青春のゆくえ

和希

第1話 ついえた夢

「……え? 大会が中止?」


 未知のウィルスの影響による休校がようやく解け、ほっとしたのも束の間。

 高校に久しぶりに顔をそろえた私たちを待っていたのは、あまりに無情な通告だった。


 放課後、私たち競技かるた部員は教室に集められた。そして、顧問の市原先生に告げられたのだ。今月に予定されていた県大会は行われない、と。


 市原先生が気の毒そうに話を続ける。


「県大会だけじゃないわ。今年は全国大会も中止よ。あなたたちがどんなに望んでも、近江へは行けないの」

「そんな……」


 県大会で優勝した学校は、七月に近江神宮で行われる全国大会へと駒を進めることができる。

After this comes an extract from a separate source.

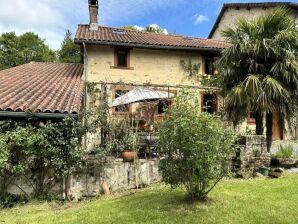 Apartment Gîte de France Die Katze, die fischt - La Jonchère-Saint-Maurice - image1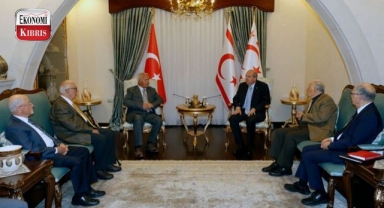 Cumhurbaşkanı Ersin Tatar, Beşparmak Düşünce Grubu heyetini kabul etti! İşte detaylar...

 だから、私たちは県大会の突破を目標に、みんなで力を合わせて必死に部活に励んできたのだ。


 突然休校になった春までは――。


 教室は重い空気に包まれ、すすり泣く声が聞こえてきた。

 一つ下の後輩、川崎美鈴みすずちゃんがマスク越しに涙声をふるわせ、市原先生にたずねた。


「それじゃ、祥子しょうこ先輩たちはどうなっちゃうんですか? もう祥子先輩と一緒にかるたを取れないんですか?」

「かわいそうだけど、そういうことになるわね」


 私たち三年生にとって、今度の県大会は高校最後の大会だった。

 勝ち残れば、夢にまで見た全国への道が開かれる。けれども、負ければ即引退。それだけに、今度の大会にかける思いは強かった。


「祥子先輩ぃ……」


 美鈴ちゃんが、あふれる涙をぬぐいもせず、私にしがみついてくる。


「あー、よしよし。泣かないの」

「だって、こんなのあんまりです! うわあぁ~ん!」


 美鈴ちゃんは感受性が豊かなのか、日ごろからよく泣いた。

 一年生のころなんか、試合途中でも劣勢になるとぽろぽろと涙を流しはじめたっけ。

 私はなにかと美鈴ちゃんの相談に乗り、励まし、また練習相手をよくしてあげた。おかげで今では実の妹のようになつかれている。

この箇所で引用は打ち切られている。